The same with your admonition about “what constitutes a general crisis”. It hardly matters what you or I think. Voters are responding to both Sanders and Trump on this issue — in both parties, in a profound way. Does that have meaning for predicting this election? Will this emotion subside, or not?

139

LFC 01.27.16 at 3:21 pm

js @112
…I’d rather see arguments for why Clinton might make a better president, rather than candidate in the general—a case that I think could be made.

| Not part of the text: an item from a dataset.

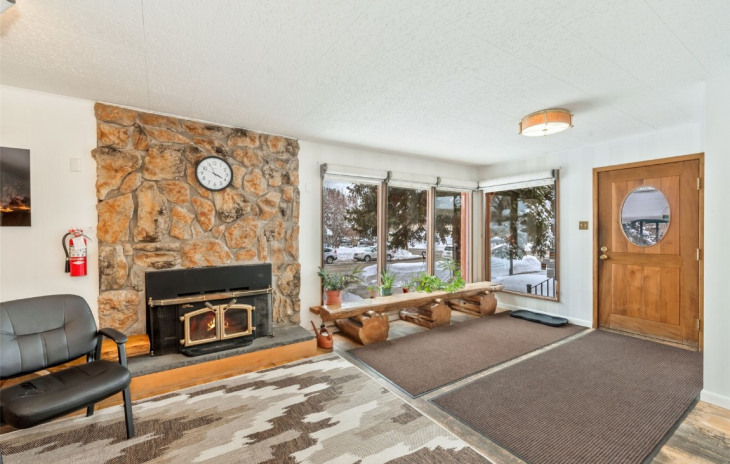 434 Oak Street Photo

I guess it could, but as you say would probably be an even harder sell to many here. They would have different strengths I suppose, as Beutler suggests.

140

bianca steele 01.27.16 at 3:37 pm

@137

It’s more complicated than that.

Capuano was well known near Boston and was supported by the traditional Democratic machine. He was totally unknown just 20 or so miles outside the capital. Coakley was well known farther from the city because she’d served there for years and had just run a statewide campaign (and won). If Kennedy had been alive, he probably would have endorsed one or the other and the election would have been over. Obviously, since the election was for his seat, he wasn’t and couldn’t.

What this says to me is that what’s obvious to “progressives” might only be obvious to people those progressives personally know.

141

Plarry 01.27.16 at 3:44 pm

@137.

It is in my view a mistake to paint Sanders as the left’s best hope. It depends on your issues. Clinton is to the right of Sanders on most issues, but not all. For example, Sanders’ writhings on gun control are risible.

142

Ted Lemon 01.27.16 at 3:48 pm

@141

I think you just confirmed what I said: if the Democratic machine had gotten behind Capuano, he could have won the primary and then taken the general, but because they didn’t, he lost the primary and Coakley lost the general.

FWIW, I live in Vermont, and I was very aware of what was going on in the primary, and was so disappointed with the Democratic party leadership that I unsubscribed from all their mailing lists–I just didn’t see the point anymore.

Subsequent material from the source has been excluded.